There was the man identified in court documents only as ''Supervisor B,'' who overruled nervous subordinates and told them to develop the illegal software. Don't get caught, he told them, according to the documents.
There was ''Attorney A,'' who, as regulators closed in, urged co-workers to destroy any emails that mentioned the ''acoustic function,'' the code name for emissions cheating software.
Read more from The New York Times:
The two suspects were conspicuously missing from the group of six Volkswagen executives indicted on Wednesday -- a clear indication that there could be more criminal charges, further eroding the company's reputation and destabilizing management. There is little doubt that investigators will lean on suspects to testify against others, and push as high up in Volkswagen's organization chart as the evidence allows.
The $20 billion that Volkswagen is paying to resolve civil and criminal charges — including obstruction of justice and conspiracy to defraud the United States government — is unlikely to be the end of the story.
Even as the settlement removed a major source of uncertainty for the company, other cases loom. Shareholder lawsuits in the United States and Europe could cost an additional $10 billion.
United States authorities also signaled that investigators will not be constrained by national boundaries. Five of the six people indicted on Wednesday are believed to be in Germany.
The cost of the United States settlements drains cash that Volkswagen urgently needs to adapt to technological upheaval. Self-driving cars, car-sharing services and other innovations are expected to upend the industry.
The settlement ''is an important step that will help Volkswagen to win back trust in the United States,'' said Ferdinand Dudenhöffer, a professor at the University of Duisburg-Essen. But the cost, he said, ''will set back Volkswagen's plans and in my opinion require cuts in investment in the United States.''
Volkswagen clearly hoped the settlement would be the turning point that allows it to begin rebuilding its shattered reputation.
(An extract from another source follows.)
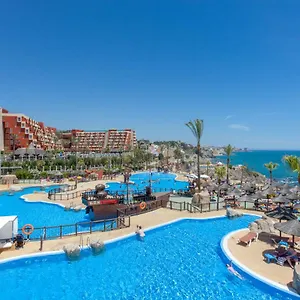 4* Szálloda World
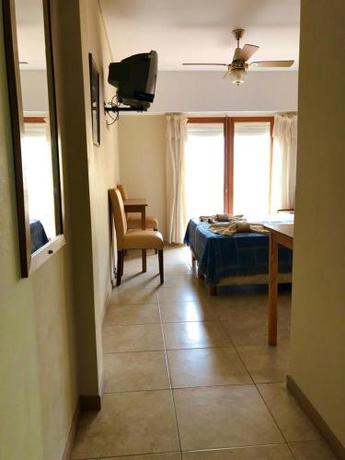 Imagen general del Hotel Ezpeleta. Foto 14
The company issued publicity photographs this week of a shiny replacement for the blue and white ''VW'' logo that for decades has stood like a giant hood ornament atop Volkswagen's high-rise executive offices in its hometown, Wolfsburg.
''Volkswagen deeply regrets the behavior that gave rise to the diesel crisis,'' Matthias Müller, its chief executive, said in a statement. ''Since all of this came to light, we have worked tirelessly to make things right for our affected customers.''
But the settlement — and the admissions made by the company in the deal — leave Volkswagen vulnerable in other ways.
As part of an agreement that calls for Volkswagen to pay $4.3 billion in penalties and plead guilty to violations of the Clean Air Act, the company signed off on a detailed account of how the cheating software came into being, and how Volkswagen employees tried to cover it up after regulators' suspicions were aroused.
The document portrays a broad conspiracy that included engine developers, software experts, quality control managers, in-house lawyers and people responsible for emissions compliance. The account of the wrongdoing reinforces the view that Volkswagen corporate culture was seriously awry. Employees who raised objections to the wrongdoing were overruled by those higher up.
In 2012, for example, senior executives rebuffed a group of Volkswagen engineers who had discovered the illegal software. The engineers were told to destroy documents they had prepared showing how the software worked, according to a federal indictment unsealed this week.
Instead of coming clean after regulators began asking questions in 2014, Volkswagen executives mounted a full-blown cover-up. Ahead of a meeting with California regulators in August 2015, according to the plea agreement, Volkswagen officials even drew up a script for what they would say to conceal the illegal software and win approval for new models to go on sale.
Such evidence could be used to bolster other cases. Shareholders in the United States and Europe have filed lawsuits saying Volkswagen had a duty to warn much sooner of the potential financial havoc that would be caused by the official investigations. Company shares plunged after the scandal came to light and have not fully recovered.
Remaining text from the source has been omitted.